About this task | Below are the records; copy each line in which "Dress" occurs.

Records contained in a dataset
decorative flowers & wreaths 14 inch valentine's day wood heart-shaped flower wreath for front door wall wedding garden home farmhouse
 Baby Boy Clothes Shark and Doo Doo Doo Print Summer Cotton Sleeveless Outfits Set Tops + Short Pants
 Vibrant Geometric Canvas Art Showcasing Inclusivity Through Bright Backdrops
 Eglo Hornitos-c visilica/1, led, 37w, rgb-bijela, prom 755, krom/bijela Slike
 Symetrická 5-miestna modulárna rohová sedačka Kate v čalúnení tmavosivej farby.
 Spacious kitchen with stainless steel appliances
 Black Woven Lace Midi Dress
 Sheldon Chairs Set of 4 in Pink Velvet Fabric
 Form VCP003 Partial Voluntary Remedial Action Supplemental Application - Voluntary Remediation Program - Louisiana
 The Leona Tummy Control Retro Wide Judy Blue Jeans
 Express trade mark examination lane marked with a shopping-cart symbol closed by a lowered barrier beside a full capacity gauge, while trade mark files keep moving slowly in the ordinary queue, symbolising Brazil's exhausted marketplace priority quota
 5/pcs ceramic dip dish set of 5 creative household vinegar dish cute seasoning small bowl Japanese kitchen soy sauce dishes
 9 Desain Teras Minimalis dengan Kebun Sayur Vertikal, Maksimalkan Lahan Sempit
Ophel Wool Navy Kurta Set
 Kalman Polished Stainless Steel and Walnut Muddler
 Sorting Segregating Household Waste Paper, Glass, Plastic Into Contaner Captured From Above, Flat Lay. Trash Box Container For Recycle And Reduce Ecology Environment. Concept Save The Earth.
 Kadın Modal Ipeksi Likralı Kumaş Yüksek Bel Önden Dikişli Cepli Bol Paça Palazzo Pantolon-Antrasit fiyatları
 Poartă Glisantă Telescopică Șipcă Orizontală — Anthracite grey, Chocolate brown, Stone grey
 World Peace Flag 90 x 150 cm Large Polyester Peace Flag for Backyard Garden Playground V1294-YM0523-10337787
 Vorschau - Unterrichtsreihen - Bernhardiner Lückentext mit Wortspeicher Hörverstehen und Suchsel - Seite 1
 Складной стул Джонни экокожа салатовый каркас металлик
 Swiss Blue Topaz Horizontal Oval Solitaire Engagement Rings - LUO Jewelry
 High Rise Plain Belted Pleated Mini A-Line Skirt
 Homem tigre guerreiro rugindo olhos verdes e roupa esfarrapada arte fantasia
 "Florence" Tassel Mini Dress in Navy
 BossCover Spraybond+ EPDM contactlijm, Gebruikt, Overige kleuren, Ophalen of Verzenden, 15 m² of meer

Your response |
 Black Woven Lace Midi Dress
 "Florence" Tassel Mini Dress in Navy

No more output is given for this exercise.